Google and Elon Musk’s SpaceX were both quick off the mark following Starcloud’s announcement that it had launched its Starcloud-1 satellite containing a Nvidia H100 GPU to facilitate AI processing in space. Starcloud, under its previous name of Lumen Orbit, first proposed the viability of a such a data center last year. It’s a modest proposal at the moment; a single computer is far cry from the banks of machines in a data center.

The announcement, however, prompted plenty of activity. Elon Musk didn’t offer any details about a proposed SpaceX launch, although in a post on X he said, in response to the Starcloud announcement, “Simply scaling up Starlink V3 satellites, which have high speed laser links would work. SpaceX will be doing this.“

Google’s announcement on Tuesday, however, highlighted its planned Project Suncatcher that, the company said in a press release, would equip “solar-powered satellite constellations with TPUs and free-space optical links to one day scale machine learning compute in space.”

The proposed Suncatcher launch is based on Google’s own research paper predicting the viability of an AI processing infrastructure in space. The paper is yet to be peer reviewed, so it’s not clear whether its claims that a processing infrastructure based on solar power is viable, nor whether its assumptions about satellite launch costs coming down in the future will hold true.
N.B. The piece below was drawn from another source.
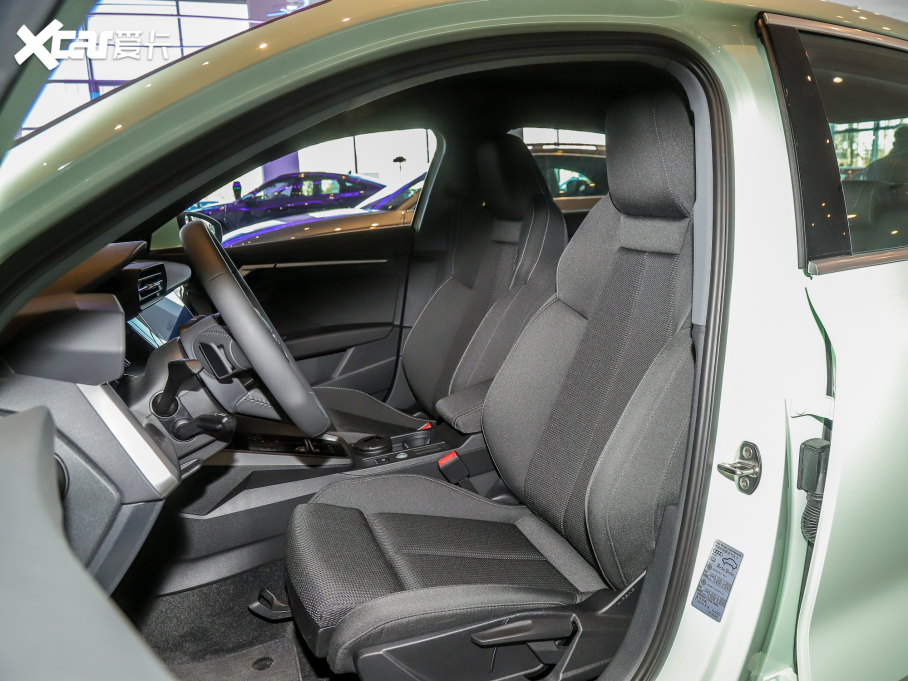 2022?yun)WA3 Limousine A3L Limousine 35 TFSI M(jn)ȡ\(yn)(dng)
The company is certainly looking far ahead; the white paper proposes that Project Suncatcher will become financially viable in the mid-2030s.

Both Google and SpaceX’s plans are, at the moment, vague in terms of what can be achieved and by when.  According to Peter Judge, an analyst with data center research company Uptime Institute, “there’s still a long way to go before data centers as we think of them at the moment are launched into space. There are a lot of extreme tech issues that need to be resolved first.”

There are, however, a couple of reasons why data centers in space are being considered. There are plenty of reports about how the increased amount of AI processing is affecting power consumption within data centers; the World Economic Forum has estimated that the power required to handle AI is increasing at a rate of between 26% and 36% annually. Therefore, it is not surprising that organizations are looking at other options.

But an even more pressing reason for orbiting data centers is to handle the amount of data that is being produced by existing satellites, Judge said. “Essentially, satellites are gathering a lot more data than can be sent to earth, because downlinks are a bottleneck,” he noted. “With AI capacity in orbit, they could potentially analyze more of this data, extract more useful information, and send insights back to earth. My overall feeling is that any more data processing in space is going to be driven by space processing needs.”

And China may already be ahead of the game. Last year, Guoxing Aerospace  launched 12 satellites, forming a space-based computing network dubbed the Three-Body Computing Constellation. When completed, it will contain 2,800 satellites, all handling the orchestration and processing of data, taking edge computing to a new dimension.